Cold and dark doesn’t sound very inviting, but it’s the ideal state when the Department of Energy’s Environmental Management group prepares to demolish an aging, unused nuclear structure. It’s called deactivation.

In this week’s (March 28) episode of the Gone Fission Nuclear Report podcast, experts from three key Department of Energy sites discuss the essential work of deactivation in preparing a nuclear structure for teardown. The highly-skilled deactivation team places the facility in a “stable and known” condition which allows workers to enter and perform their tasks safely.

Listeners will hear from Mark French, Project and Facilities Division Director at DOE in Hanford, Washington, Karen Adams, DOE Federal Project Director at the Savannah River Site in Aiken, South Carolina, and Dan Macias, Site Integration and Cleanup Manager for UCOR, DOE’s environmental cleanup contractor in Oak Ridge, Tennessee.

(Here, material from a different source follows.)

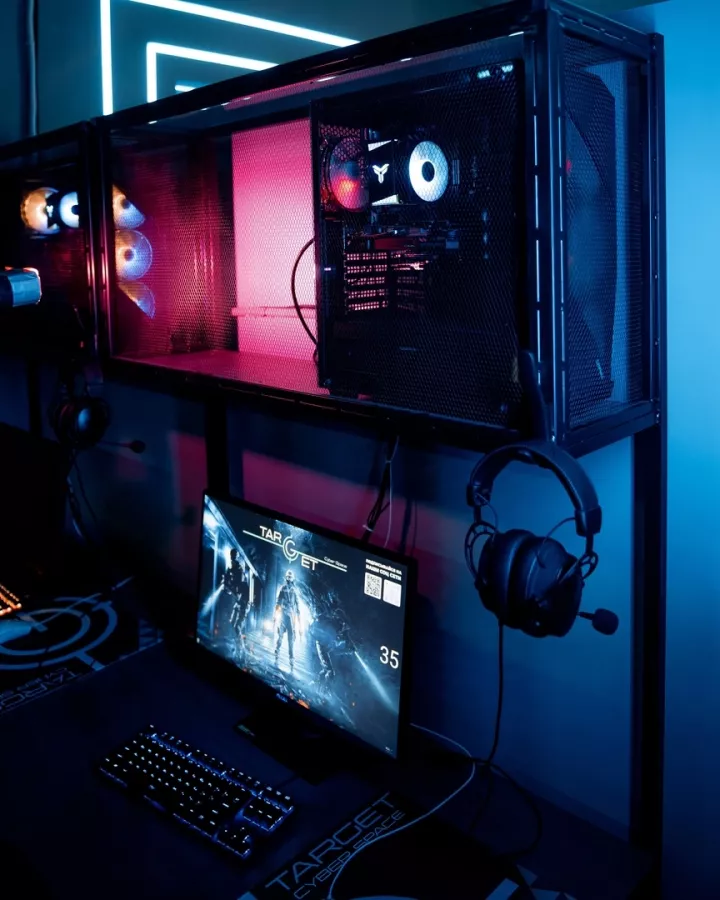 Кибер клуб Target Cyber Space на Доваторцев в Ставрополе: Киберспорт, Games, Ставкинакиберспорт, Компьютер, Csgo, Dota, Команды, Соревнования,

“Cold and dark refers to a building’s state when all deactivation work has been completed, and the building is ready for demolition,” Podcast Host Michael Butler said. “Utilities have been isolated. Hazardous waste like asbestos-containing material and lead and universal wastes like batteries and light bulbs have been removed, and the building is ready for the spotlight.  Elected officials, community leaders and the news media will show up for the ceremonial start of demolition, unaware of the months of preparation that have preceded this day of celebration.”

In the podcast, experts discuss the engineering evaluation that is completed before workers are allowed to enter an abandoned building for deactivation work.  Engineers evaluate the soundness of the structure to ensure floors and walls are safe, the roof is sound, and there are no obvious hazards that would pose an injury risk.  They also talk about the extensive training that is necessary, including practical exercises and the use of mock-ups to simulate conditions inside the building.  There are also special challenges related to deactivation of classified facilities.

The Gone Fission Nuclear Report covers the latest developments in environmental cleanup across the Department of Energy (DOE) complex. DOE is now engaged in the largest environmental remediation program in history, cleaning up nuclear production sites across the U.S. that were used to support national security missions for 75 years.

“Some of the work on these sites dates back to the super-secret Manhattan Project, a national priority to develop the first atomic bomb that helped end World War II,” Butler said. “Cleanup of these sites is a multi-decade effort, requiring thousands of trained professionals and highly skilled crafts people with budgets in the billions of dollars.”